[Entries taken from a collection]

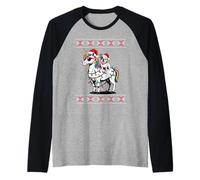 Christmas French Bulldog Unicorn Sunglasses Frenchie Camiseta Manga Raglan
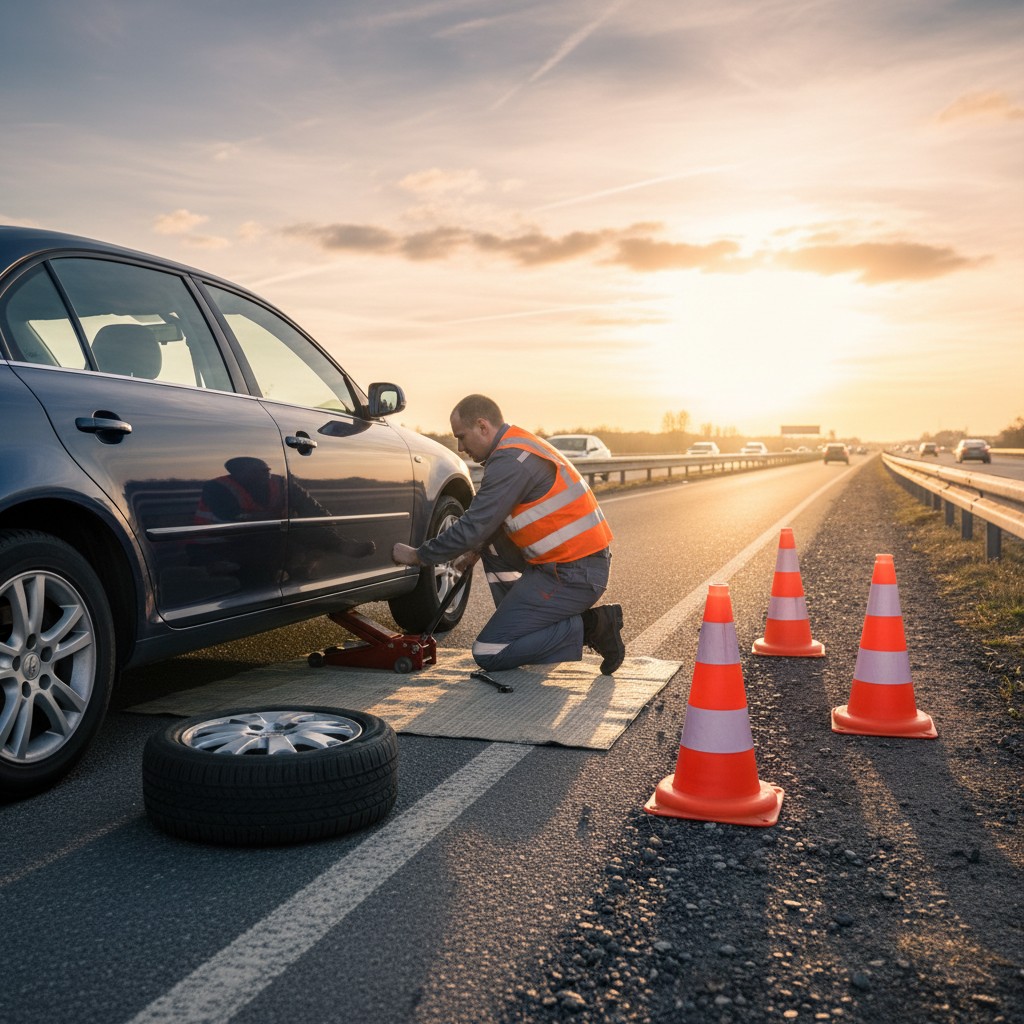 A man, wearing orange and gray safety vest and gray overalls, jacks up a car on the side of the road, where orange traffic...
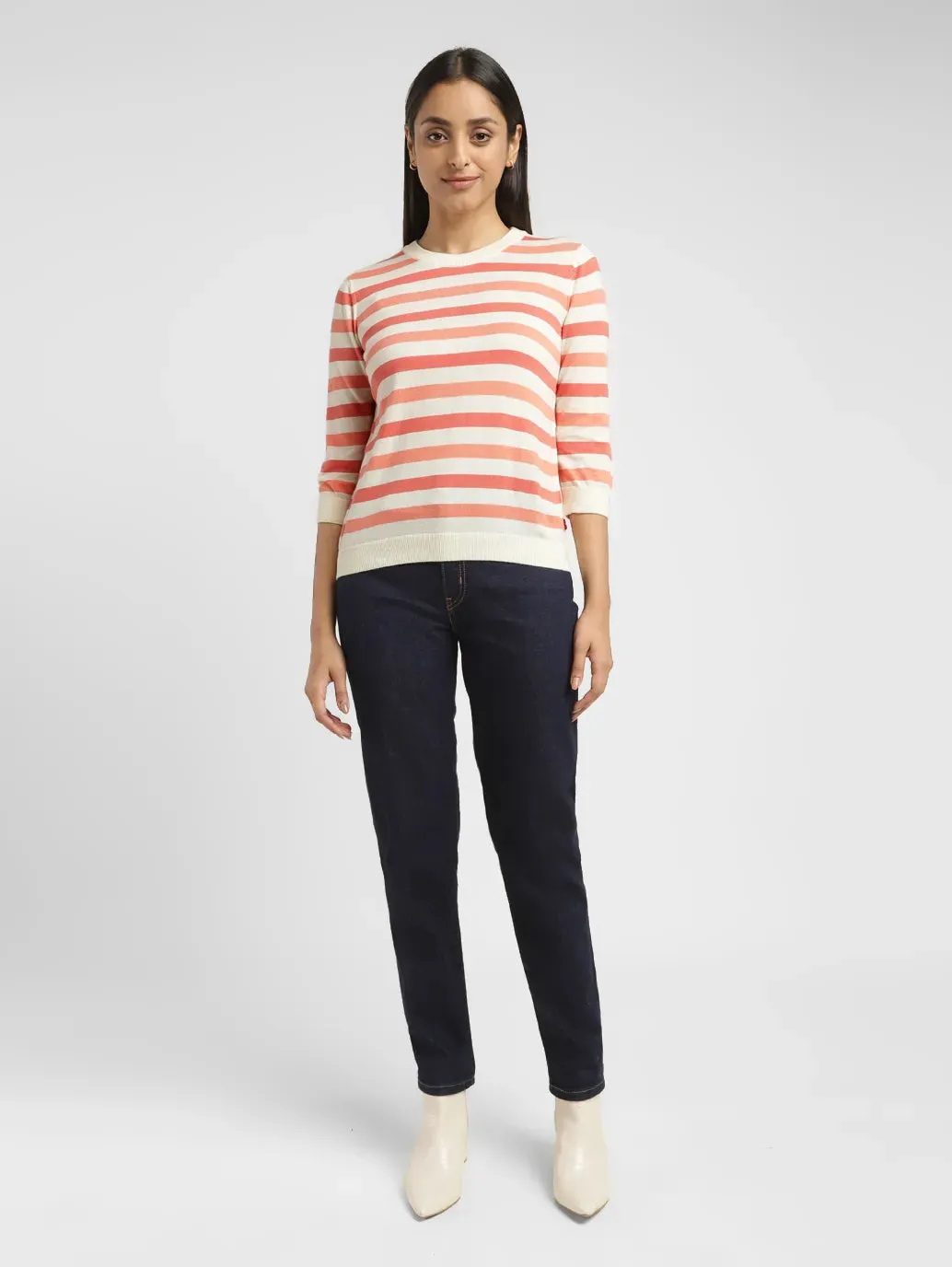 Women's Striped Crew Neck Pullover Sustainable Dye Process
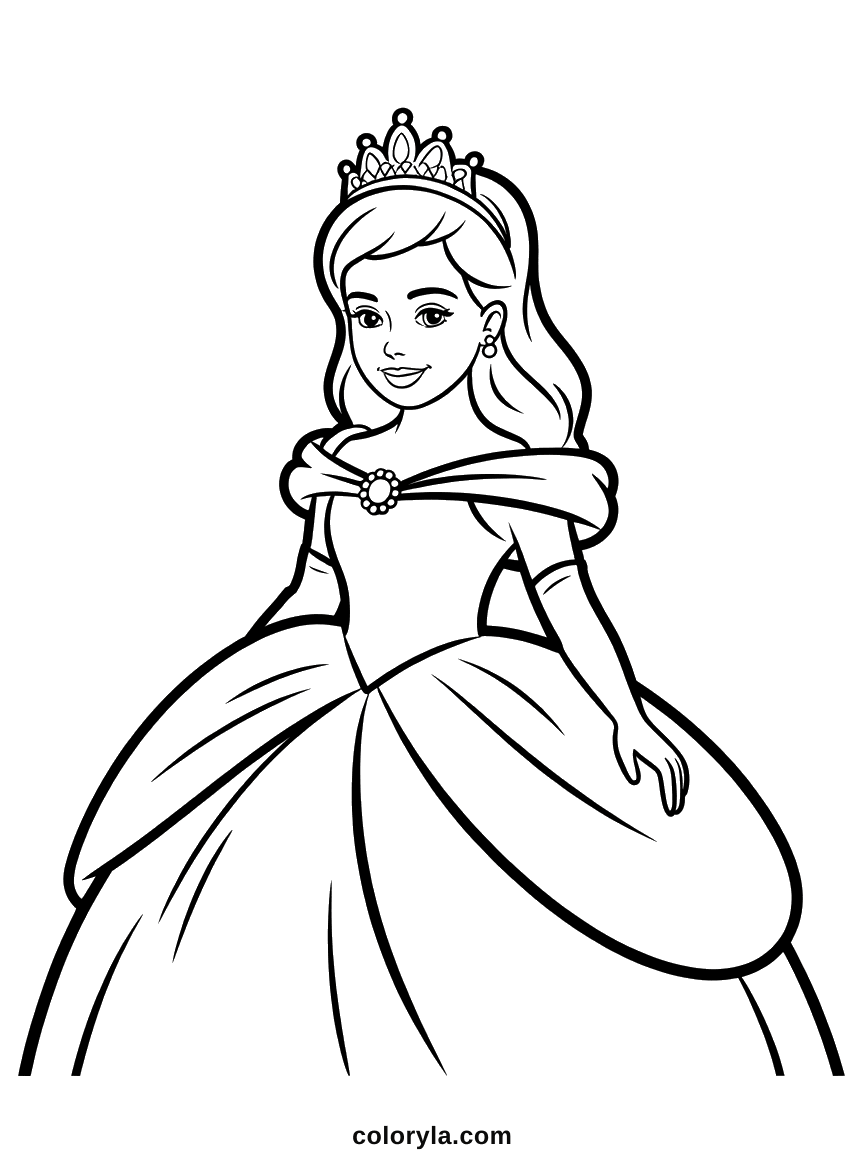 En lignes fines et de trois quarts, une broche au col et une robe en longs plis, coloriage de princesse en A4.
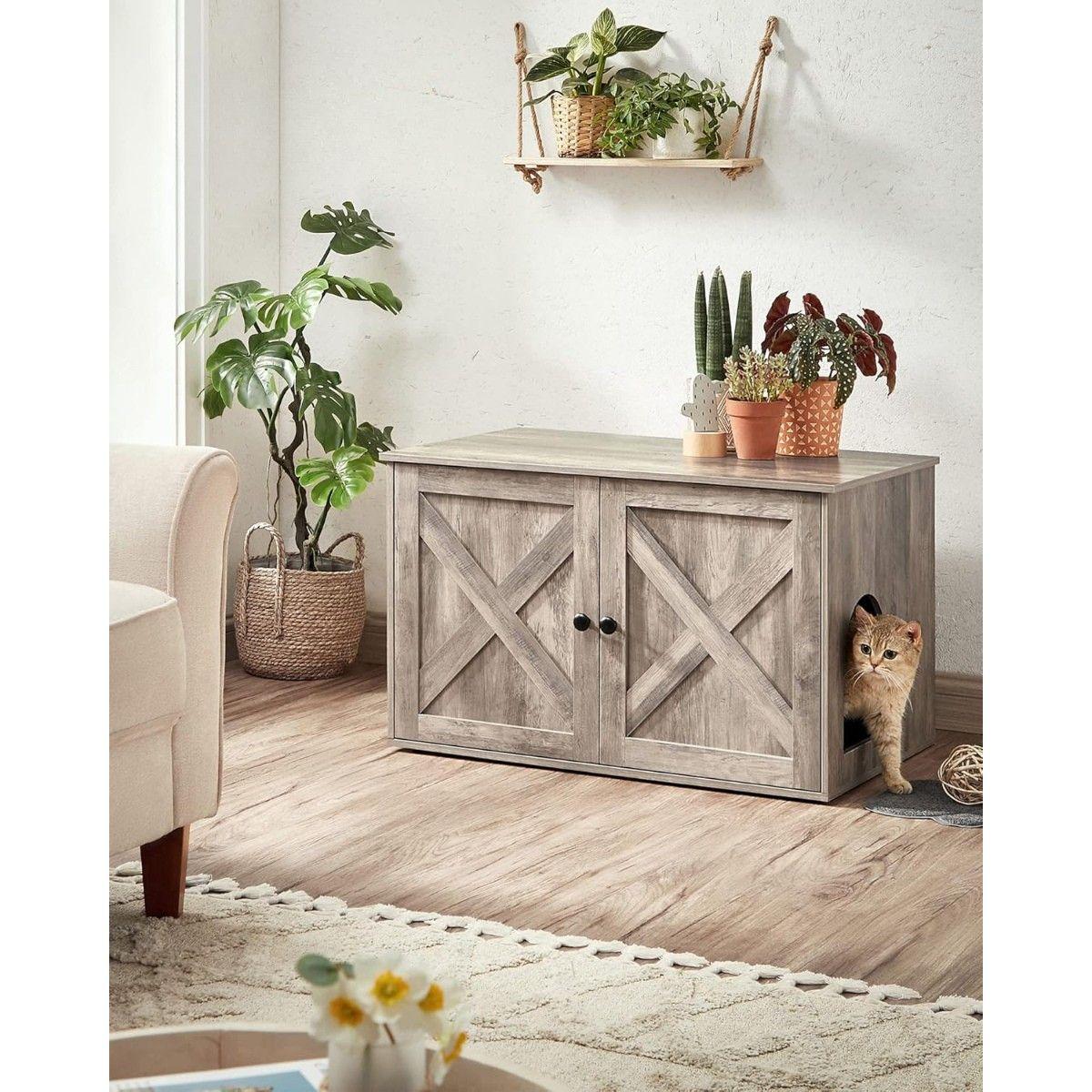 Mesa Auxiliar Casa Gatos Gris Bunken-4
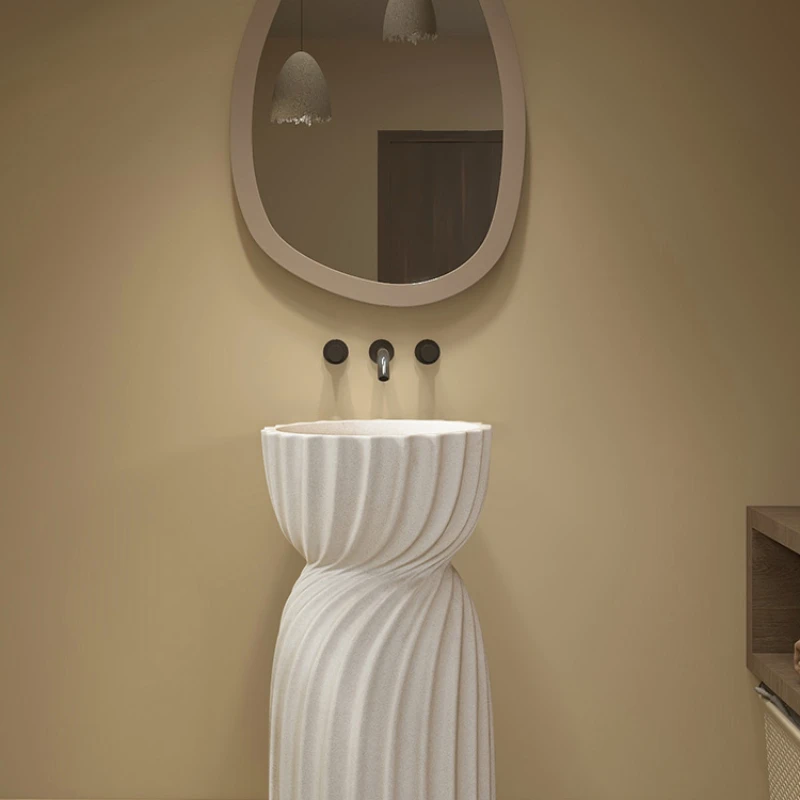 Creamy designer column basin floor-to-ceiling integrated art sink washbasin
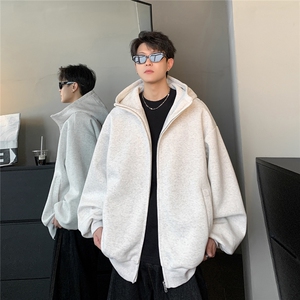 美式廓形灰色连帽卫衣外套男女秋冬新款宽松重磅开衫图片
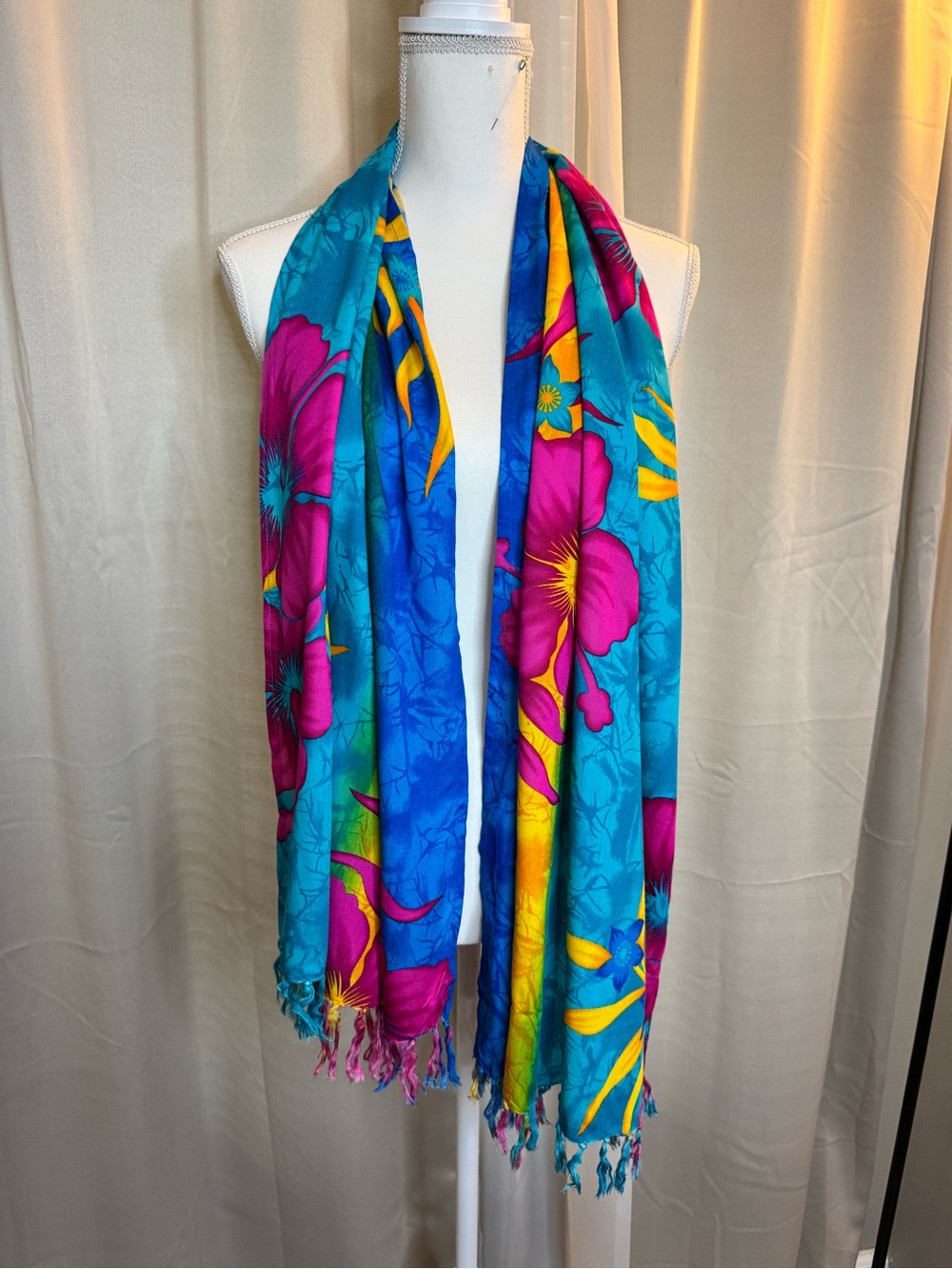 Vibrant Tropical Floral Tassel Scarf Wrap Cruise Wear Blue Pink Yellow 70x22 - Picture 2 of 10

_WORK INSTRUCTION_
Set down the entries above again exactly, minus any image.

_ANSWER SECTION_
 Christmas French Bulldog Unicorn Sunglasses Frenchie Camiseta Manga Raglan
 A man, wearing orange and gray safety vest and gray overalls, jacks up a car on the side of the road, where orange traffic...
 Women's Striped Crew Neck Pullover Sustainable Dye Process
 En lignes fines et de trois quarts, une broche au col et une robe en longs plis, coloriage de princesse en A4.
 Mesa Auxiliar Casa Gatos Gris Bunken-4
 Creamy designer column basin floor-to-ceiling integrated art sink washbasin
 美式廓形灰色连帽卫衣外套男女秋冬新款宽松重磅开衫图片
 Vibrant Tropical Floral Tassel Scarf Wrap Cruise Wear Blue Pink Yellow 70x22 - Picture 2 of 10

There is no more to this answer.